Open source code specific to OTS-managed Torque sites (usually client sites).
3 stars 1 forks source link

Geocode during ETL #139

Open slifty opened 2 years ago

slifty commented 2 years ago

As part of our maps exploration we spent some time geocoding data; there's a desire to actually do that geocoding as part of the ETL pipeline.

This would give us a few things:

  1. Any application would have access to geocoded data without needing to re-transform. This also opens possibilities for search and other functions.
  2. If data can't be geocoded, we would be able to know that right away.

As part of this issue we should try to leverage the R&D done in that analysis repository, though it may turn out that the tools used there aren't a perfect fit for our ETL.

slifty commented 2 years ago

Did some digging, here are the results so far.

The Situation

The prototype we created so far uses the Nominatum API, which is ultimately powered by Open Street Maps. This is fine, but they have a usage policy which makes it fairly clear that they don't really want full blown ETL pipelines built against it.

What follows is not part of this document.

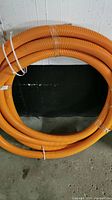 Coiled bright orange expandable hose against a wall and floor surface.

That said our data volume is on the lower end of things (e.g. thousands of addresses rather than millions). This means it might be possible for us to use the OSM Nominatum API while staying in the spirit of their terms, but it would would require a bit of engineering (in particular: caching and the ability to handle unexpected application of rate limits for larger batches).

The Nominatum API also might dramatically slow the ETL pipeline -- their spec says they want no more than 1 request per second (though later it does say small batch jobs are OK as well).

Some Options

1: Use the OSM Nominatum API

Using the existing API, as the prototype does, can be done. There is a bit of overhead associated with being a good FOSS citizen (and of course we risk them shutting down our requests if we don't follow their rules). Specifically, we would want to:

  1. Figure out a way to cache geocoded data -- possibly treating geocoding as a preprocessing step that is only run once on a given column and then written back to the original data file and ultimately committed back to the SVN repo.

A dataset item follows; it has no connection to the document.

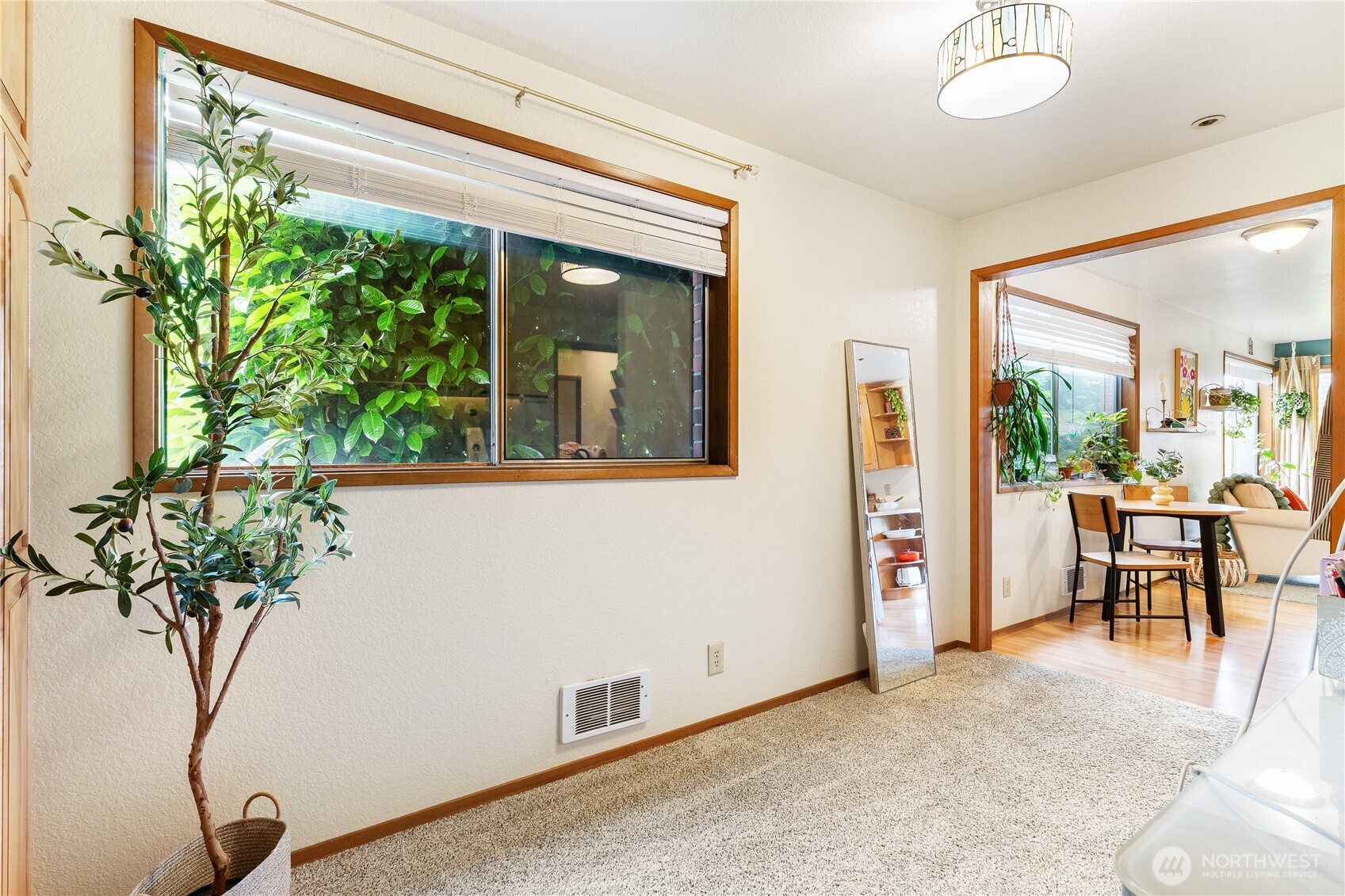 2619 Rucker Avenue, Unit 2 Everett, WA 98201 - Photo 17 of 33 a potted plant sitting in front of a room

  2. Make sure that ETL does not run multiple addresses through the API at once, meaning we only submit one request at a time.

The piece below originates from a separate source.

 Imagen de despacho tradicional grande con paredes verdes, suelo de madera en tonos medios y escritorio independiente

  3. Ensure that we never have infrastructure where we're running multiple batched addresses at one time (I don't think this will be a problem, but it's still a policy with long term technical implications)

2: Self host the Nominatum API

This can be done! It is a big undertaking and we won't want to do it, but just in case somehow that changes, the instructions are here.

3: Use a paid API

There are a few third party APIs some of which use Nominatum under the hood plus their own mix of spices / other FOSS tools.

Ideally we could use something that GeoPy supports out of the box, that way it's easy to swap out something truly FOSS (e.g. Nominatum) at any point in time.

slifty commented 2 years ago

Good news everyone -- It looks like OpenCage is supported by GeoPy.

I don't think the service itself is FOSS, though they do publish a lot of their code.

Importantly: switching geocode provider should be pretty darn simple thanks to GeoPy. Very importantly, the data is open, which is important too.